I know git add saves just a new snapshot of a particular file. But I'm a bit confused about the term "snapshot". As I understood git (e.g. by that or that) source, a snapshot is actually a just the difference to the last commit.
Quote from 2:
it basically takes a picture of what all your files look like at that moment and stores a reference to that snapshot. To be efficient, if files have not changed, Git doesn’t store the file again, just a link to the previous identical file it has already stored.
That sounds to me exactly like the description of a system based on file differences -.-
EDIT:
To be a bit more specific:
I understood, that if a blob isn't modified, the hash isn't changed and therefore used in further commits. It also makes sense to me, that git can detect similarities between blobs and hence eliminate redundancy.

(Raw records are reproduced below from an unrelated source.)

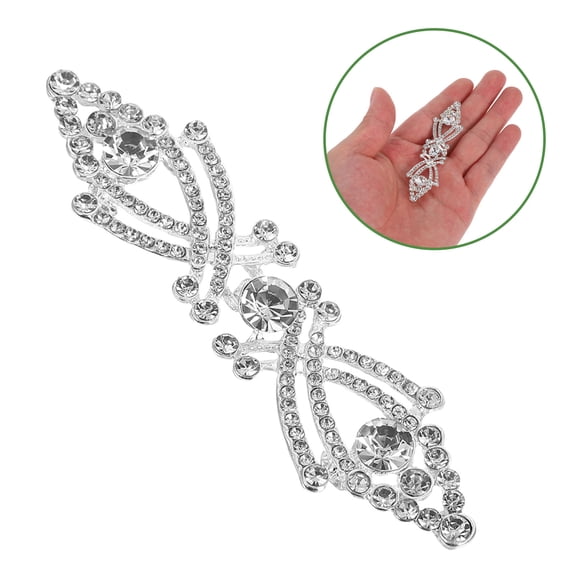 AURARMLET Zinc Alloy Chinese Closure Clips with Rhinestones for Crafting, Garment Fastening, Jewelry Making 3pcs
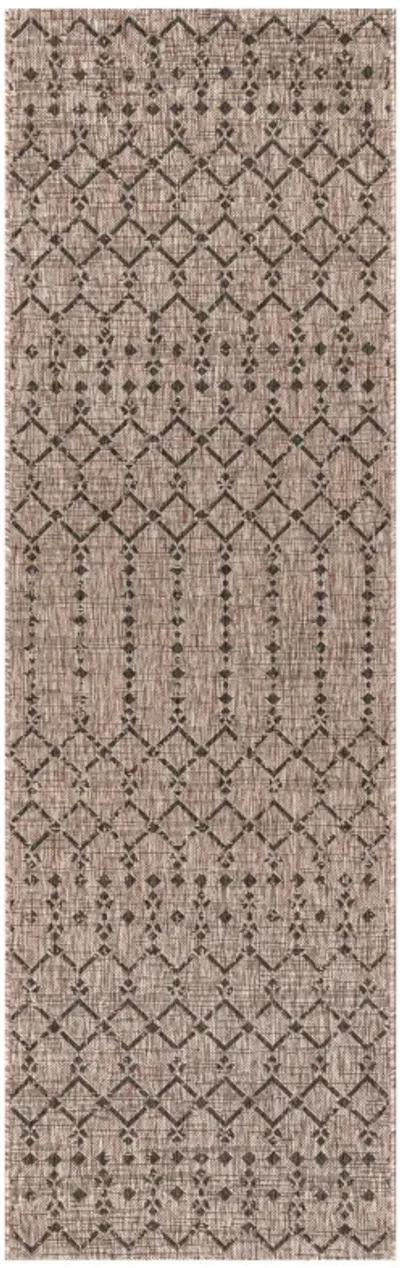 Ourika Moroccan Geometric Textured Weave Indoor/Outdoor Runner Rug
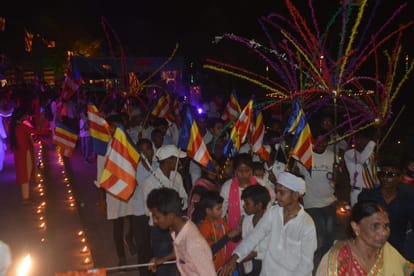 Buddha Purnima Tathagat preaching site illuminated by lamps in Sarnath varanasi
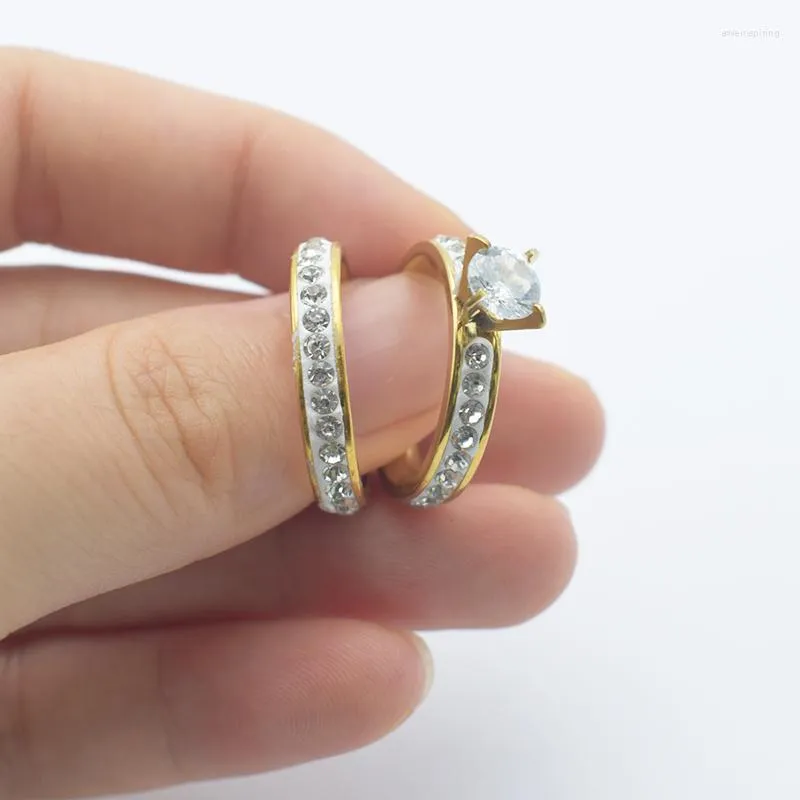 Anneaux de mariage Est or couleur une paire ensemble de fiançailles pour les femmes romantique incrustation strass dame Zircon bijoux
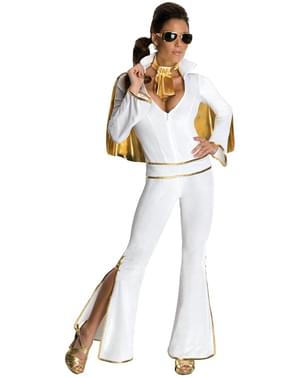Disfraz de Elvis sexy blanco para mujer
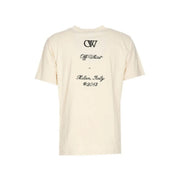 Cream-colored off-white men t-shirt with black embroidered logo and text on the back side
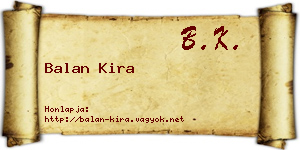 Balan Kira névjegykártya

=> Would it be equivalent if i would call e.g. vimdiff (just to illustrate the concept) onto a blob and save the output in a new blob?
=> How does a changed blob look like that has things in common with other blobs?
Short answer: No, Git always records the entire file.
Longer answer: Okay, that's not quite true. Logically, Git always records the entire file. In the storage backend, however, Git performs delta compression across all files from all revisions, so it even detects identical content between different files and across the entire history of all branches, not just the parent commit. And since the network protocol and the storage backend share the same format ("pack files"), you get the same efficiency for push and fetch.
However, it is important to remember that this is an internal implementation detail of the storage backend. It is not a part of the object model. The object model is that each commit contains the entire tree.
This is Git's object model:
blob: a bytestream. Basically, a file, but only its contents. It doesn't have a name. In this way, Git works like a Unix filesystem, files don't have names, rather directories associate names with files.
tree: a flat(!!!) list of (mode, name, {tree|blob}) triples. This is the equivalent to a Unix directory. It associates names and modes (mainly executable or not) with blobs or trees. I.e. trees can be recursive.
commit: a pointer to a tree and a pointer to zero, one, or many parent commits. Also contains a datestamp and two name strings (author and committer) and most importantly, the commit message.
(local tag): technically, not a Git object. Just a local file pointing to a commit.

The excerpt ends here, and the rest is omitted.